**Dataset excerpt**.
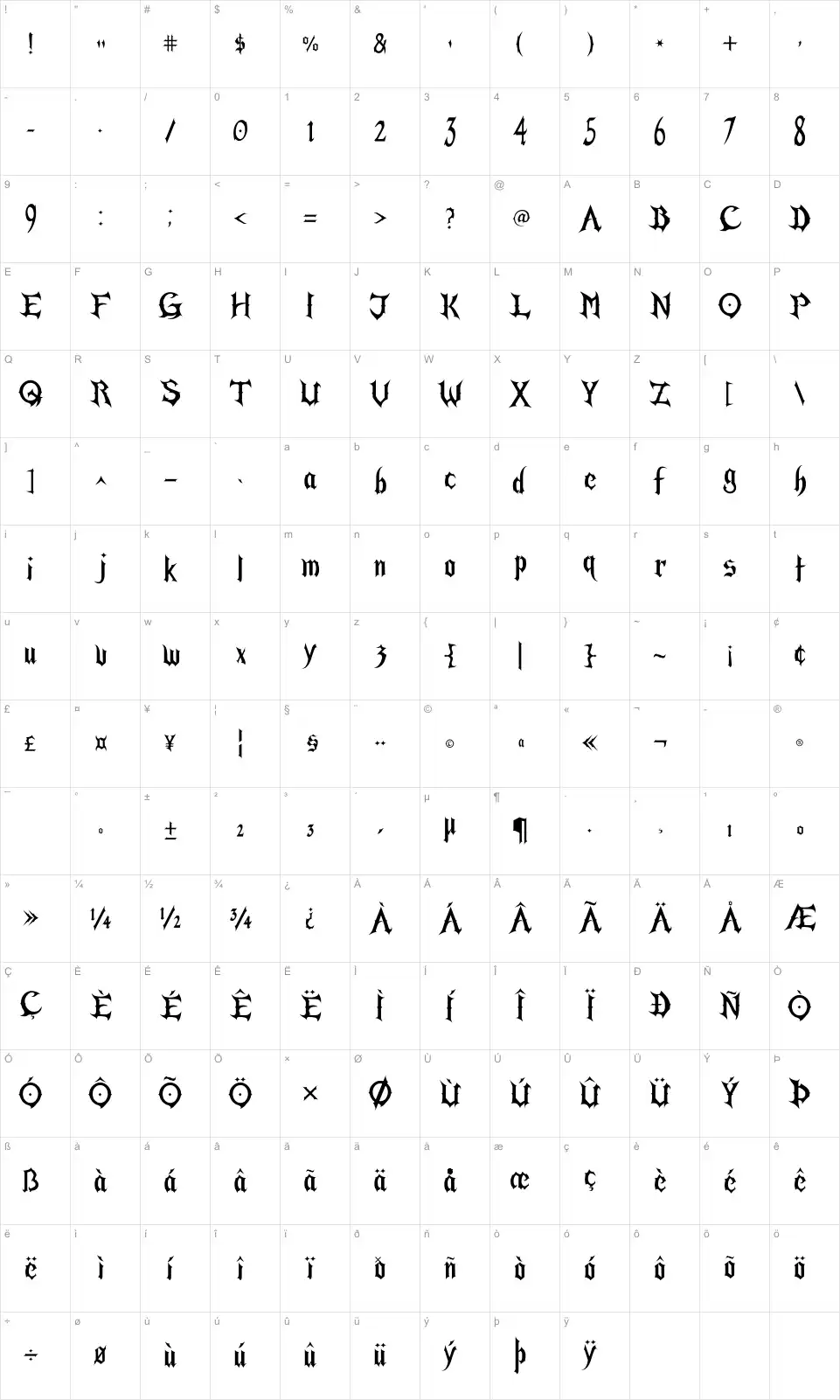 Mapa de caracteres da fonte Mirage Gothic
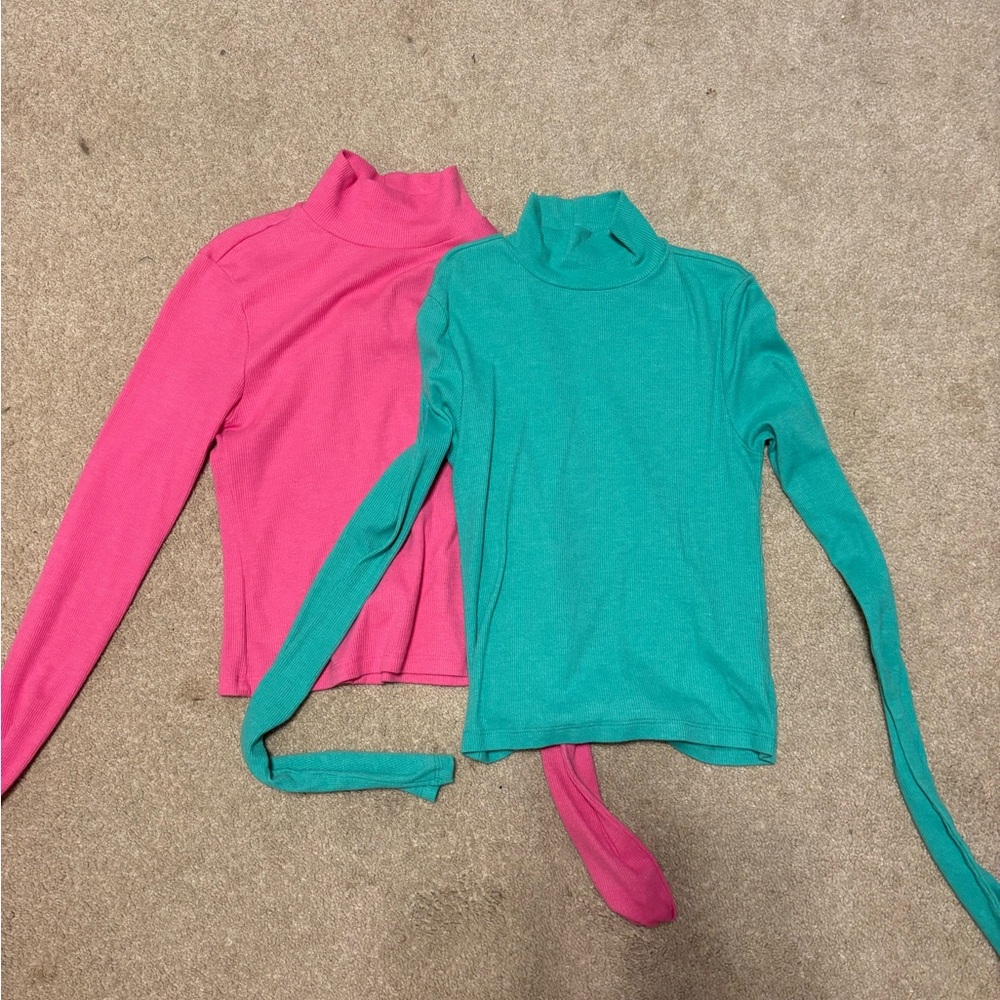 Long Sleeve Turtleneck Tops - Pink and Green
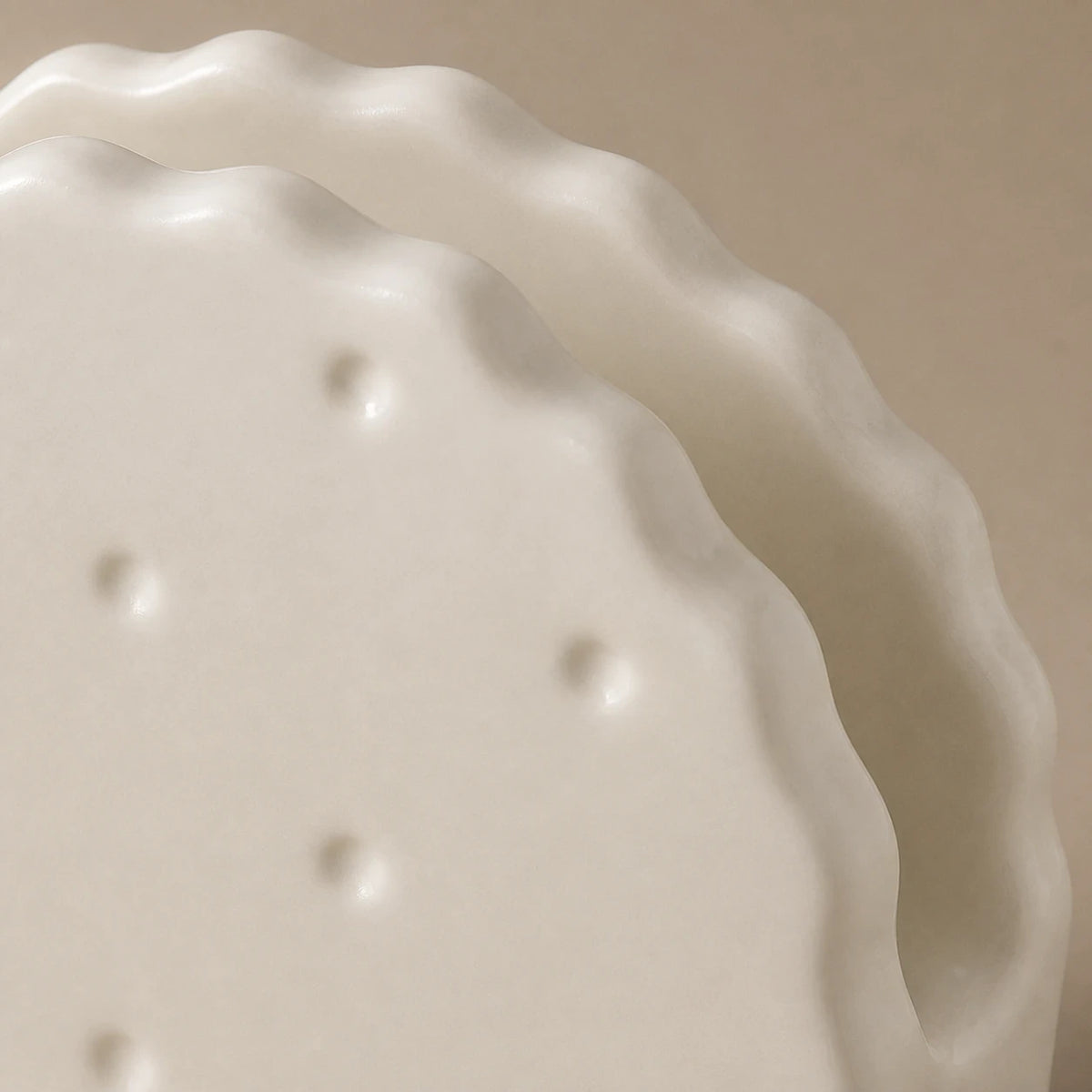 Close view of Alabaster White Soda Cracker holder showing scalloped panels and one slot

**Aim of the exercise**. Return all of the material exactly, without pictures.

**Finished task**.
 Mapa de caracteres da fonte Mirage Gothic
 Long Sleeve Turtleneck Tops - Pink and Green
 Close view of Alabaster White Soda Cracker holder showing scalloped panels and one slot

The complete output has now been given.